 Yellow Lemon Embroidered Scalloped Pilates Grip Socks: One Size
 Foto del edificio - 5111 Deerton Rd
---
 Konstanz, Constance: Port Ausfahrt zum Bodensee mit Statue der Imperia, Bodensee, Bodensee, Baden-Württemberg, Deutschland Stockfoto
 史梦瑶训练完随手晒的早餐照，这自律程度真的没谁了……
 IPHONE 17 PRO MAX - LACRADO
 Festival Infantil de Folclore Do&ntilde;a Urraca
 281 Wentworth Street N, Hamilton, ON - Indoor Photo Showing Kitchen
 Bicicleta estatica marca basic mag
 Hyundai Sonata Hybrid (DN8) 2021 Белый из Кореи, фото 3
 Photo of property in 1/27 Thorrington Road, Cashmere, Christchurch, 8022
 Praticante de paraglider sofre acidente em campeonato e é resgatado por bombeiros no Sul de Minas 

● **THE PROBLEM**:
Every line of the records above where the string "Photo" is found should be copied.

● **EXERCISE SOLUTION**:
 281 Wentworth Street N, Hamilton, ON - Indoor Photo Showing Kitchen
 Photo of property in 1/27 Thorrington Road, Cashmere, Christchurch, 8022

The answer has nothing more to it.